Let |BC| be the distance of line BC.
The incline is the ratio between |AB| and |BC|.

So, the various fractions you've been given in the question simply refer to how steep the terrain is.
The incline is just |AB|/|BC|.

The maximum incline the train can handle is 3/40.

It sounds like the train driver has 3 options.

Turn Left (not possible):  Slope is 3/35. Too steep to climb because 3/35 > 3/40.

Straight ahead: OK, the slope is very gentle since 3/91 is much smaller than the limit of 3/40 which the train can handle.

I haven't been told whether the train needs to climb if it turns right.

A) So, the train driver can keep going straight or turn right.
B) We don't have all the information needed to answer this. It depends on how costly an extra 10 km distance is relative to the train journey. If we go straight ahead, climbing a hill (even at a slope of 3/91) requires us to travel a longer distance. In the figure I have sketched, you can see that the length of the slope |AC| is always greater than the distance which appears on the map, |BC|. The longer the journey goes, the more extra distance we need to cover along AC, as opposed to the apparent distance, BC. This may (or may not) outweigh the 10km penalty if we were to take the option of turning right, travelling along flat terrain. Does this make sense?

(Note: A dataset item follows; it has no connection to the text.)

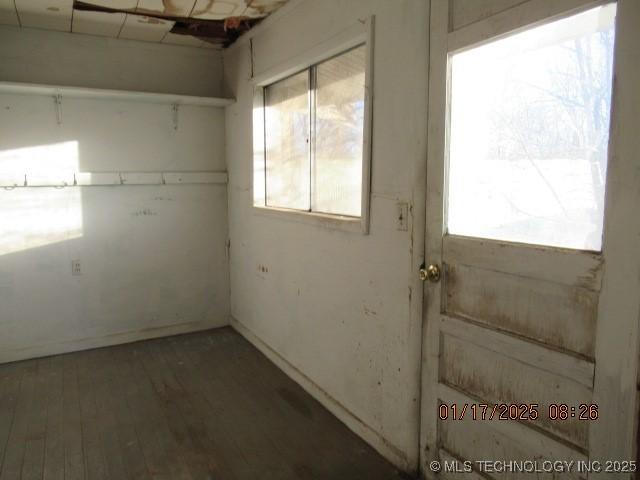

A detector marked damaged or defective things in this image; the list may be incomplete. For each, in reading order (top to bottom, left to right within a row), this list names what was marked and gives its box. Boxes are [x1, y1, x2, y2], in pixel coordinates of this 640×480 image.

ceiling damage [0, 0, 288, 48]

Note: I don't think you would be considering another physical aspect (which is fair enough), but climbing an incline also slows down the train. So, this question is not as straight forward as it seems, since the data is incomplete. For instance, the remaining distance of the journey is unknown.

C) Once again, I'm not told about the slope if I had to turn right. So, I presume the land on the right is flat. Going straight ahead, the slope is easier.
In your answer, give reasons like
"slope(left) > slope(straight) because 3/35 > 3/90"

If you need further clarification, let me know.

Cheers.

Which would be bigger as a hill 3/91 or 5/72

Sorry i got the question wrong but the answer you gave helped me to answer
a and b

Answer
It's nice to know that some parts of the question makes more sense to you now.

Again, to make things really obvious, why don't we convert 3/91 and 5/72 into a decimal figure and compare them directly.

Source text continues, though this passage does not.